Working down the material below, reproduce exactly every line from the one containing "Early 20th century" to the last line, and only those.

- EXERCISE DATA -
..........
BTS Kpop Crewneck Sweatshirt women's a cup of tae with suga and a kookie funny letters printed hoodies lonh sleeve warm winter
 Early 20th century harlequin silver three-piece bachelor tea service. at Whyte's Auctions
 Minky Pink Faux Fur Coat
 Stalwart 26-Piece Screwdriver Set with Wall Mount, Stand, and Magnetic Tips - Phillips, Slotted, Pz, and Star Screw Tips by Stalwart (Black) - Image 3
..........
- EXERCISE OUTPUT -
 Early 20th century harlequin silver three-piece bachelor tea service. at Whyte's Auctions
 Minky Pink Faux Fur Coat
 Stalwart 26-Piece Screwdriver Set with Wall Mount, Stand, and Magnetic Tips - Phillips, Slotted, Pz, and Star Screw Tips by Stalwart (Black) - Image 3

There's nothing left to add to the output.